TASK ITEM
From the records below, output exactly the lines running from the line containing "Traces of Forgotten" through the line containing "Bantu Perbaikan Rumah Ambrol", and no others.

RECORDS TO USE
►

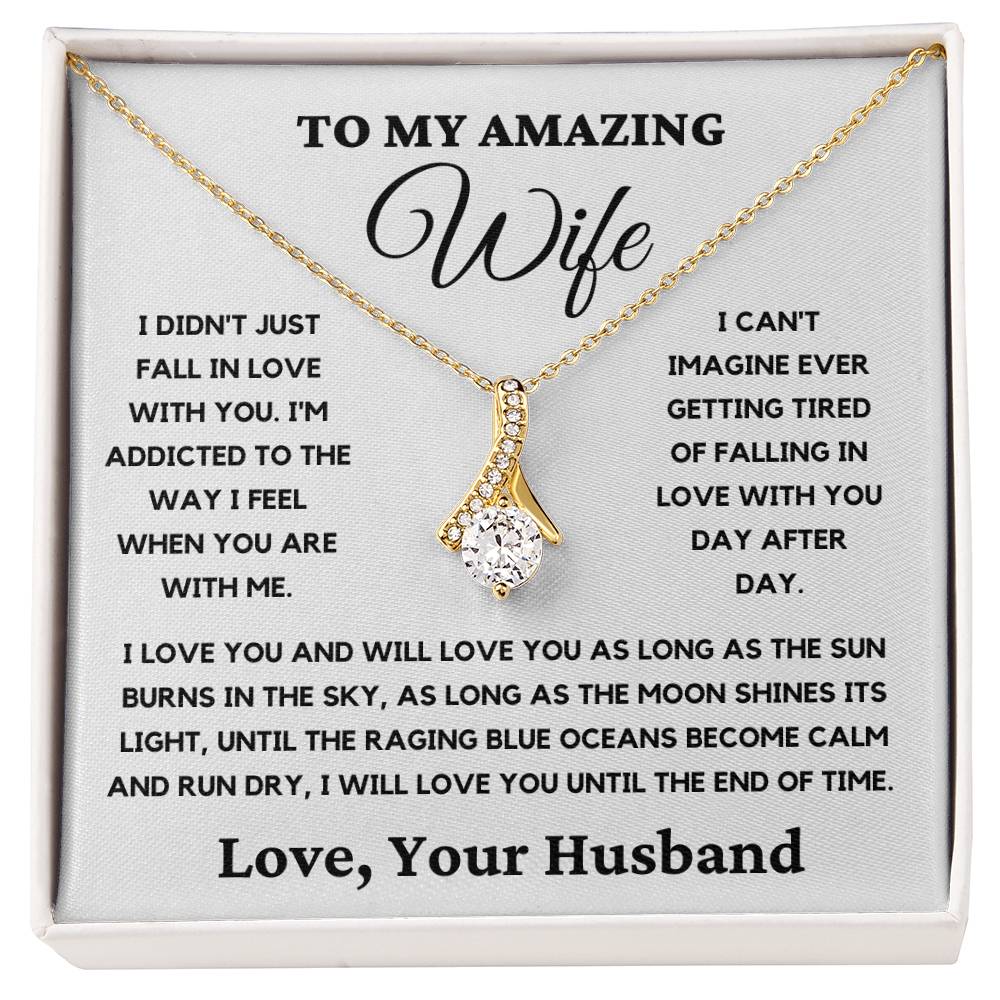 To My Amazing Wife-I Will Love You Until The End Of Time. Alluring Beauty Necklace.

◄
►

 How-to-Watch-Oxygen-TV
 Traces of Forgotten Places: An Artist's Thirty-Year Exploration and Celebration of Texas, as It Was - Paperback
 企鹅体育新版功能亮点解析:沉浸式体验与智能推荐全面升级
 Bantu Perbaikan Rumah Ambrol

◄

SOLUTION TO THIS TASK
 Traces of Forgotten Places: An Artist's Thirty-Year Exploration and Celebration of Texas, as It Was - Paperback
 企鹅体育新版功能亮点解析:沉浸式体验与智能推荐全面升级
 Bantu Perbaikan Rumah Ambrol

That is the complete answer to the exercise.